New Zealand geologist (1925–2019)

George William Grindley (22 October 1925 – 12 February 2019) was a New Zealand geologist. The Grindley Plateau in Antarctica is named in his honour.

==Early life and education==
Grindley was born in Dunedin on 22 October 1925, and studied geology at the Otago School of Mines at the University of Otago. He graduated Bachelor of Science in 1947, and Master of Science in 1949. The title of his master's thesis was The reconnaissance geology of the Eglinton and East branch valleys, Western Southland. In 1973, he was awarded a DSc by the University of Otago, on the basis of published and unpublished papers submitted as a thesis.

==Career==
Grindley worked at the New Zealand Geological Survey. He spent time on the West Coast, where he assisted Harold Wellman, and also worked on the displacement of the Alpine Fault. After working in south Wales and Canada for a year in the early 1950s, Grindley worked on the geological mapping of New Zealand, and was site geologist at Wairakei. He also worked on geothermal power projects overseas, including in Mexico and the Philippines. He was also involved in geothermal monitoring of Mount Ruapehu and the monitoring of rifting in the Taupō Volcanic Zone.

Grindley was a member of geological survey teams in Antarctica in 1961–62, 1977–78, and 1981–82, involved in paleomagnetic surveys and geological mapping.
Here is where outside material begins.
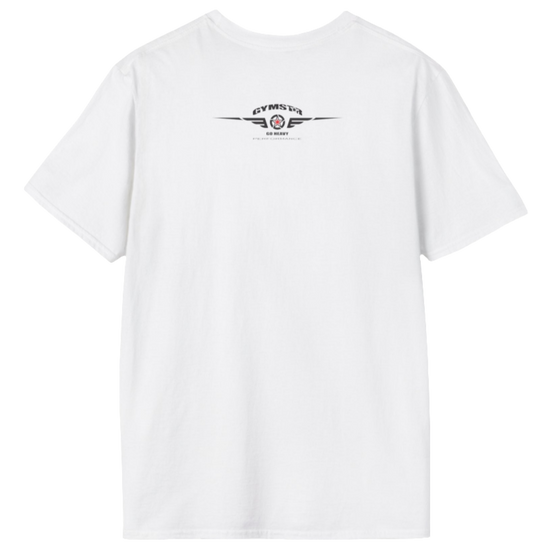 A  white Gymstar t-shirt with a graphic print No Pain No Gain and a bodybuilder in the center, designed for fitness and sports. Rare view.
He was the senior geologist of the northern party of the New Zealand Geological Survey Antarctic Expedition in 1961–62, which named the Grindley Plateau in the Queen Alexandra Range in his honour.

Grindley retired in 1987.

==Honours==
In 1968, Grindley was elected a Fellow of the Royal Society of New Zealand.

==Death==
Grindley died at his home in Lower Hutt on 12 February 2019, aged 93 years.